Check if a bot has permissions to access page(s)
Usage
paths_allowed(
paths = "/",
domain = "auto",
bot = "*",
user_agent = utils::sessionInfo()$R.version$version.string,
check_method = c("spiderbar"),
warn = getOption("robotstxt_warn", TRUE),
force = FALSE,
ssl_verifypeer = c(1, 0),
use_futures = TRUE,
robotstxt_list = NULL,
verbose = FALSE,
rt_request_handler = robotstxt::rt_request_handler,
rt_robotstxt_http_getter = robotstxt::get_robotstxt_http_get,
on_server_error = on_server_error_default,
on_client_error = on_client_error_default,
on_not_found = on_not_found_default,
on_redirect = on_redirect_default,
on_domain_change = on_domain_change_default,
on_file_type_mismatch = on_file_type_mismatch_default,
on_suspect_content = on_suspect_content_default
)
Arguments
- paths
paths for which to check bot's permission, defaults to "/". Please note that path to a folder should end with a trailing slash ("/").
- domain
Domain for which paths should be checked.
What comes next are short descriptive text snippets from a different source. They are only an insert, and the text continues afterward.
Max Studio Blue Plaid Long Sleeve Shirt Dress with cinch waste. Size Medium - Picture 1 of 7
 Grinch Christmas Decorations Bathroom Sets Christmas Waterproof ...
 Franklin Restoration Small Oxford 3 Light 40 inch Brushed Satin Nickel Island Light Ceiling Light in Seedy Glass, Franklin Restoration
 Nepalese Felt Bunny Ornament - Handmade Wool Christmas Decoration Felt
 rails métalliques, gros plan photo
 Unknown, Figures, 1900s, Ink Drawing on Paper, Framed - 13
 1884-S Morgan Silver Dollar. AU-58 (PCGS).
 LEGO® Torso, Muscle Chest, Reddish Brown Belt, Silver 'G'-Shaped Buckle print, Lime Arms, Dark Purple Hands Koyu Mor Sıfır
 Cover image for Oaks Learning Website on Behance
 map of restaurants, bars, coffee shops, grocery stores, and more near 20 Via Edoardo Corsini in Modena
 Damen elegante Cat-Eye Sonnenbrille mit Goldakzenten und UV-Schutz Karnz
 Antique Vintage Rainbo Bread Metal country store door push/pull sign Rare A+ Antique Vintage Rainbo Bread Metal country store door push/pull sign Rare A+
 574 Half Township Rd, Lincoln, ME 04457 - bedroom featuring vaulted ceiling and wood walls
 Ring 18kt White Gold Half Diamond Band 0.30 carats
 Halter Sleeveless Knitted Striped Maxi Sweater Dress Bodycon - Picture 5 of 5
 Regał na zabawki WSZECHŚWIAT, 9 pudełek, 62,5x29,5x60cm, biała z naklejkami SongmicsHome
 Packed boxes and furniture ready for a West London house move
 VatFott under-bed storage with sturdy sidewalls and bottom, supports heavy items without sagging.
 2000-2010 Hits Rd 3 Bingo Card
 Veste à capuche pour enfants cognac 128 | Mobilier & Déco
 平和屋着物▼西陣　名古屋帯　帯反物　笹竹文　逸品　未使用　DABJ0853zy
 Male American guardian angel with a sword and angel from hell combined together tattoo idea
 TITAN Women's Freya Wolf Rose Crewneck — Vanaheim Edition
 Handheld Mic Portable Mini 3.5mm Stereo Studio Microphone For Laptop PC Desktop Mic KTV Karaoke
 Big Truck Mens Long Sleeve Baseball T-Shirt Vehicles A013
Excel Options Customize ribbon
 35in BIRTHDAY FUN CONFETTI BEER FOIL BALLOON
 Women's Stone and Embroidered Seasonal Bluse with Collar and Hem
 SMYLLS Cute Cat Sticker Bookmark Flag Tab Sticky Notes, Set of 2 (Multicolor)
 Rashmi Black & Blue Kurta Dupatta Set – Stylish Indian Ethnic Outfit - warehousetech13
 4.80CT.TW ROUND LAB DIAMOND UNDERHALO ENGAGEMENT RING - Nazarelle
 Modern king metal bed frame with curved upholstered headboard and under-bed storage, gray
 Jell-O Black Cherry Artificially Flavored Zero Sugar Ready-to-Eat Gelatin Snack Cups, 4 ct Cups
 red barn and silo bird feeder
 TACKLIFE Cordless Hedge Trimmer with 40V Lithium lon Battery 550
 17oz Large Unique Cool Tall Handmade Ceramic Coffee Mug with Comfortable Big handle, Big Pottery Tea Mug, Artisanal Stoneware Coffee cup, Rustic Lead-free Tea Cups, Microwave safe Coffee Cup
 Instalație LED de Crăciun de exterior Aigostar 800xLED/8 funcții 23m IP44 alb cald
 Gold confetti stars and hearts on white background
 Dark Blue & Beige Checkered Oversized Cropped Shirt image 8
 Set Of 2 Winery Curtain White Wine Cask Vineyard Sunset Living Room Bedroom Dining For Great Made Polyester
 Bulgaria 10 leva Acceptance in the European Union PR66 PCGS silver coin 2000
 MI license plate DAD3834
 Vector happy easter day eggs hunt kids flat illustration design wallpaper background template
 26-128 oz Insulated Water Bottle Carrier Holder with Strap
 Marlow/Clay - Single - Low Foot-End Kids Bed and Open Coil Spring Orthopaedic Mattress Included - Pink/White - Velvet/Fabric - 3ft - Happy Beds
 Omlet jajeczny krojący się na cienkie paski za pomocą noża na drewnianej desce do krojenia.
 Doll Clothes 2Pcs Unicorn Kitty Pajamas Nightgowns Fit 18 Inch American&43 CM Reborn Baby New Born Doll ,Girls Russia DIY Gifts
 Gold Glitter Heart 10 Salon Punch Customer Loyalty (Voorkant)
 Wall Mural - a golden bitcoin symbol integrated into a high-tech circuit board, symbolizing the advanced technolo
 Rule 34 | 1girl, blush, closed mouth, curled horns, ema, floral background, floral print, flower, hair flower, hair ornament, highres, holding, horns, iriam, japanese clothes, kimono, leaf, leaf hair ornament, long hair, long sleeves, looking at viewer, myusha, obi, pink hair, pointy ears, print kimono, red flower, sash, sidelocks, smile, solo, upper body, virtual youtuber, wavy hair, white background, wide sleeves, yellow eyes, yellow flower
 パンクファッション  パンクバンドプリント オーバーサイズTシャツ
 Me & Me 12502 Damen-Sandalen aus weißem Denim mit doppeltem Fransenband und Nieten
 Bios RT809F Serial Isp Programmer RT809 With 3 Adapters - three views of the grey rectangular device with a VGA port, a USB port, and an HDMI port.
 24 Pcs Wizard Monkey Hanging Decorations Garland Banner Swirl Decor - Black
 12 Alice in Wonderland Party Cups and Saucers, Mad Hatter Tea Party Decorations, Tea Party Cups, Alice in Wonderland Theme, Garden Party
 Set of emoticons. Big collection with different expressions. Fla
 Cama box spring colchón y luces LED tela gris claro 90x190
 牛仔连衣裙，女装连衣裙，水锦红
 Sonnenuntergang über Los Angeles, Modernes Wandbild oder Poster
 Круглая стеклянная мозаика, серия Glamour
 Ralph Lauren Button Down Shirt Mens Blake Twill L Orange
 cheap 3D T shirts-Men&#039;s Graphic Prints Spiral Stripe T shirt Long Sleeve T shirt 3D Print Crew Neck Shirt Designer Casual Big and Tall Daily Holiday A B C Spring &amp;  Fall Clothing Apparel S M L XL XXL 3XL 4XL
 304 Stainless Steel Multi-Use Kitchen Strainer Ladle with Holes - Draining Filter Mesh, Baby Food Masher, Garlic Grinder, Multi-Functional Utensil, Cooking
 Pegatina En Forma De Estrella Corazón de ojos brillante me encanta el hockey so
Defaults to "auto". If set to "auto" function will try to guess the domain by parsing the paths argument. Note however, that these are educated guesses which might utterly fail. To be on the safe side, provide appropriate domains manually.
- bot
name of the bot, defaults to "*"
- user_agent
HTTP user-agent string to be used to retrieve robots.txt file from domain
- check_method
at the moment only kept for backward compatibility reasons - do not use parameter anymore –> will let the function simply use the default
- warn
suppress warnings
- force
if TRUE instead of using possible cached results the function will re-download the robotstxt file HTTP response status 404. If this happens,
- ssl_verifypeer
either 1 (default) or 0, if 0 it disables SSL peer verification, which might help with robots.txt file retrieval
- use_futures
Should future::future_lapply be used for possible parallel/async retrieval or not. Note: check out help pages and vignettes of package future on how to set up plans for future execution because the robotstxt package does not do it on its own.
- robotstxt_list
either NULL – the default – or a list of character vectors with one vector per path to check
- verbose
make function print out more information
- rt_request_handler
handler function that handles request according to the event handlers specified
- rt_robotstxt_http_getter
function that executes HTTP request
- on_server_error
request state handler for any 5xx status
- on_client_error
request state handler for any 4xx HTTP status that is not 404
- on_not_found
request state handler for HTTP status 404
- on_redirect
request state handler for any 3xx HTTP status
- on_domain_change
request state handler for any 3xx HTTP status where domain did change as well
- on_file_type_mismatch
request state handler for content type other than 'text/plain'
- on_suspect_content
request state handler for content that seems to be something else than a robots.txt file (usually a JSON, XML or HTML)